Task description: Your copy should contain exactly the lines from the start of the material through the line containing "Appartement 65 m²", and no pictures.

The input:
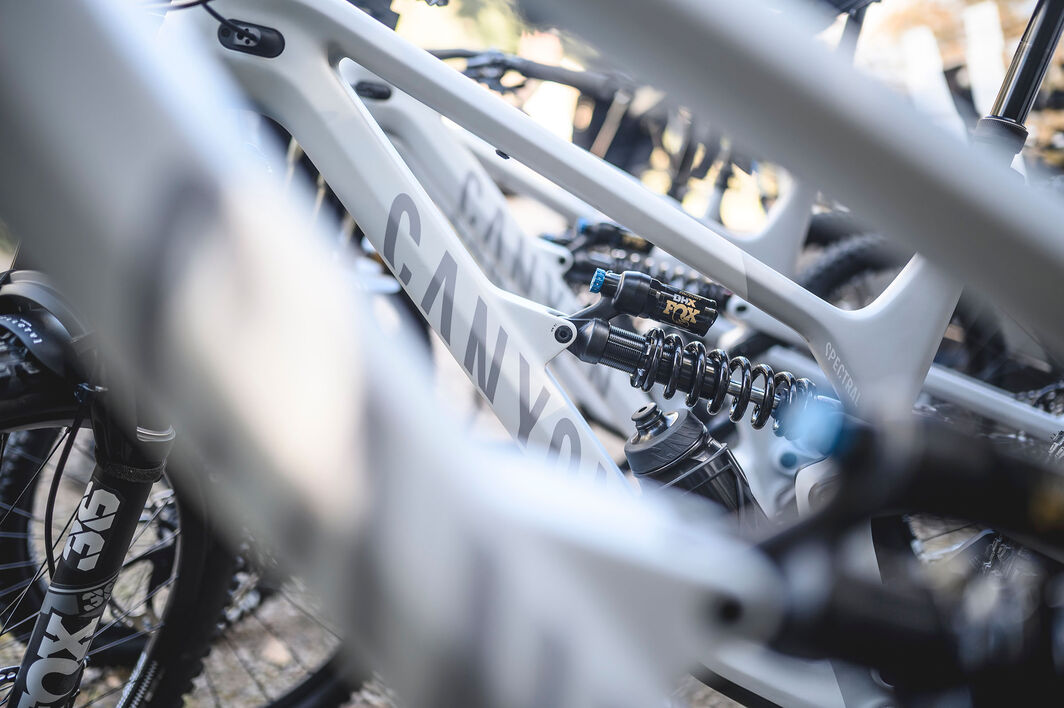 Mullet Bike: Pros and Cons Mullet Bike: Pros and Cons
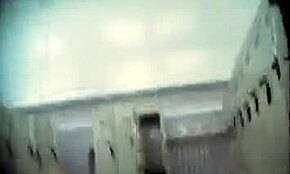 Si perempuan berambut gelap dedah badan menakjubkan di cam tersembunyi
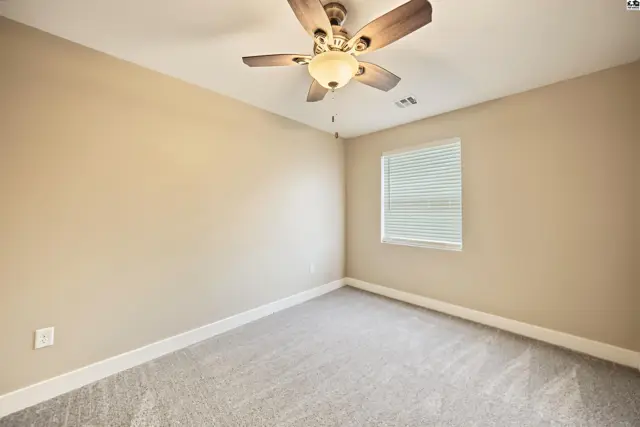 Photo of 1215 Lindbergh Ln, Salina, KS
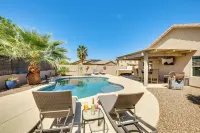 Backyard Oasis: Updated San Tan Valley Escape - Swimmingpools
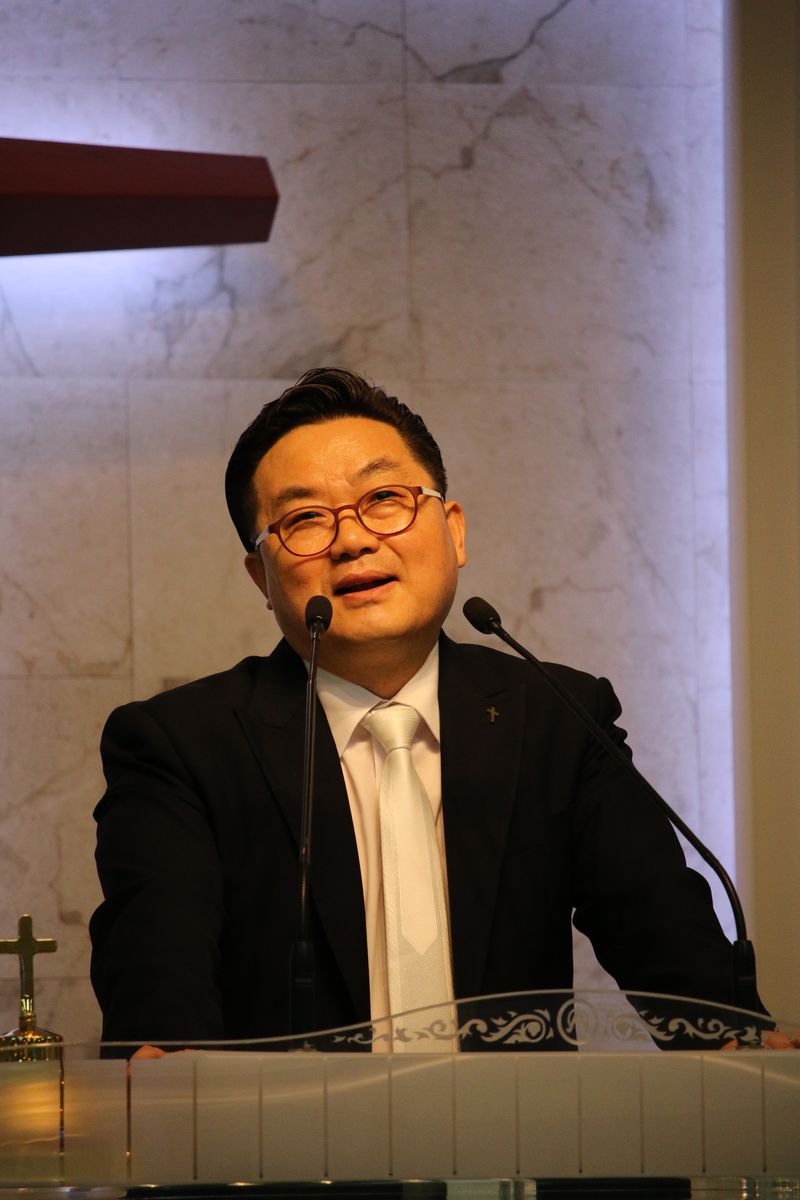 김요셉 목사가 지난해 12월 2일 창립 5주년 기념 박성업 선교사 초빙 집회에서 설교하고 있다.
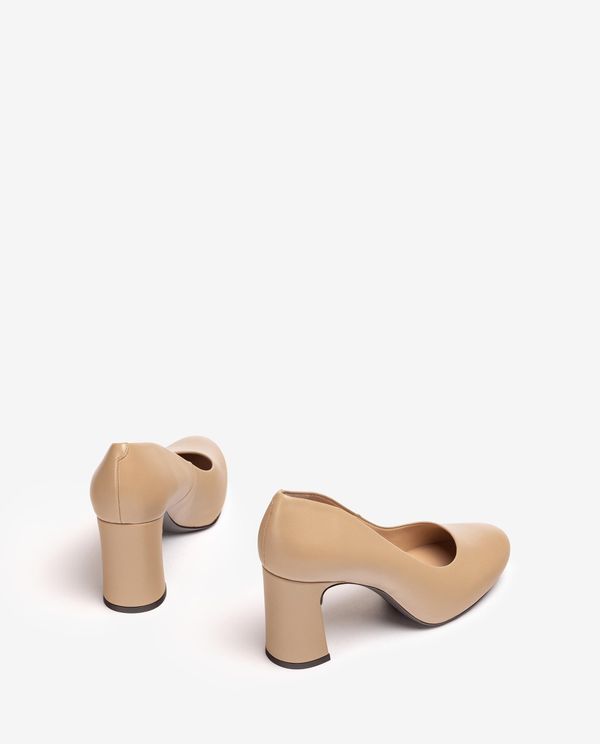 Unisa Salón Con Plataforma Interior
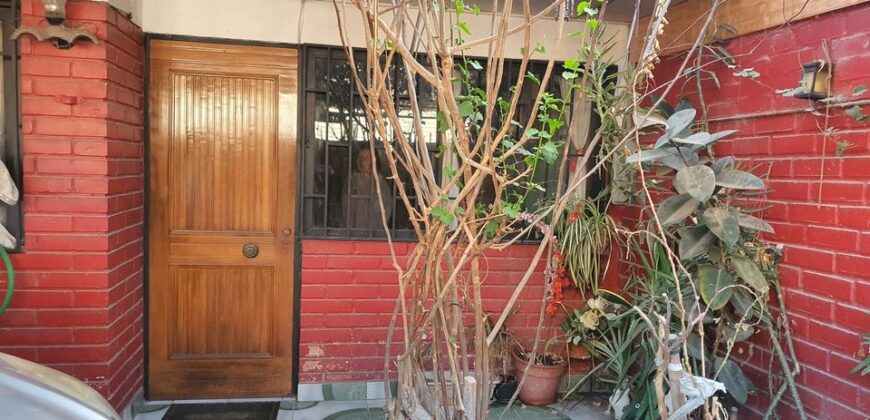 Casa esquina en Villa Araucaria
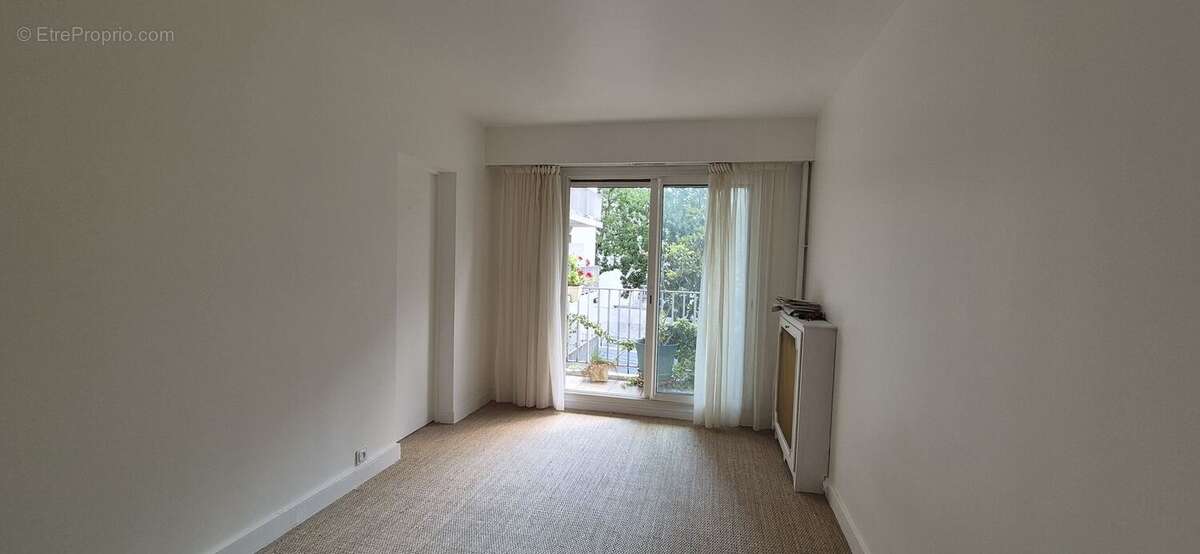 Appartement 65 m² à Paris-15e  - photo 5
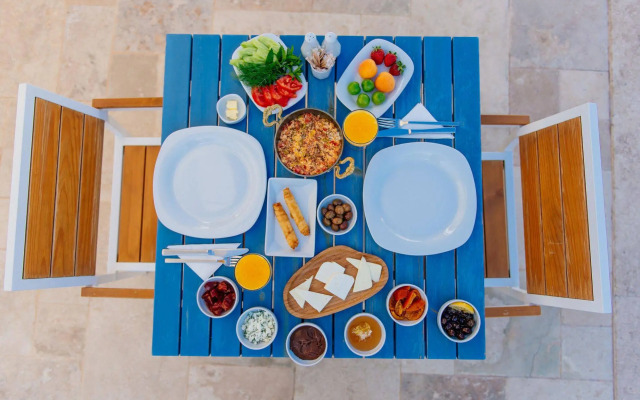 Via Farilya Hotel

Exercise response:
 Mullet Bike: Pros and Cons Mullet Bike: Pros and Cons
 Si perempuan berambut gelap dedah badan menakjubkan di cam tersembunyi
 Photo of 1215 Lindbergh Ln, Salina, KS
 Backyard Oasis: Updated San Tan Valley Escape - Swimmingpools
 김요셉 목사가 지난해 12월 2일 창립 5주년 기념 박성업 선교사 초빙 집회에서 설교하고 있다.
 Unisa Salón Con Plataforma Interior
 Casa esquina en Villa Araucaria
 Appartement 65 m² à Paris-15e  - photo 5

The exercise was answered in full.